Rebecca Eckler takes flight and gets hooked on the free-fall adrenaline rush
Thankfully, I don’t have time to worry that I’m going skydiving. It is before 8 a.m., and I’m rushing to iFLY Toronto, which is located in Oakville, for what they describe as “an epic experience.”
In The New Mid-Life, I’m all for epic experiences, but I’m also a little more fearful than I was when I was younger. For example, not too many new mid-lifers I know want to start a new sport for fear of injuring themselves.
But my outgoing and very cute 21-year-old instructor, Adrian Uracz — am I making myself sound like a cougar? crap! — tells me that they get indoor skydivers as young as four years old.
The eldest iFLY Toronto indoor skydiver? 93 years old!
I figure if a four-year-old and a 93year-old (who came with her son and her grandson) could do this, then certainly this new mid-lifer could … and probably should.
So what is indoor skydiving? Well, according to iFLY Toronto, it’s an opportunity to experience the sensation of free fall. Participants watch a video that gives an overview followed by classroom training of body position, hand signals, entrance and exit procedures and a safety briefing. You are then in a 14-foot cylindrical diameter vertical tube that is 45 feet tall, in which an airstream is passing at a speed of up to 250 kilometres per hour.

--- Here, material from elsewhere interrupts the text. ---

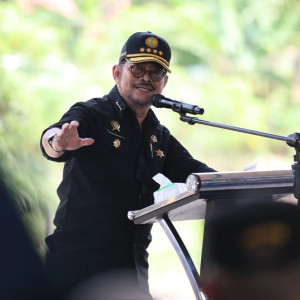 Legislator NasDem Respon Soal Syahrul Yasin Limpo Dikabarkan Jadi Tersangka KPK
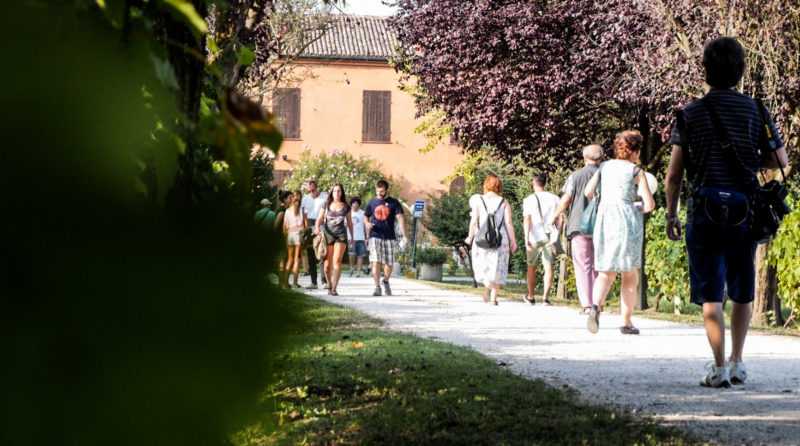 Ferrara svela i suoi giardini e la sua anima verde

Once inside the wind tunnel, you get the experience of what skydivers experience during the free-fall portion of the jump (without actually having to jump out of a plane, which, to almost everyone, is the scary part), which is generally done from 13,500 to 3,500 feet of altitude at a speed of 200 kilometres per hour.
I know this isn’t rocket science, and that I’m not about to perform brain surgery, but I tell Uracz that I’m a little nervous.
“It’s normal to feel nervous. I’d be nervous if you weren’t nervous!” he says.
But, he stresses, “This is not supposed to be stressful!” Easy enough for a 21-year-old to say. A little hard to believe when you are a mother of two.
Today, I am going to indoor skydive four times, 60 seconds a pop.
As for new mid-lifers, he says, groups of women and men come in “all the time.”They also host birthday parties and bachelorette parties.
After I’m all suited up, I hold my arms to my chest (as instructed by the video) and am ready to fall into the tunnel. “Remember,” Uracz yells, “stay relaxed and smile!”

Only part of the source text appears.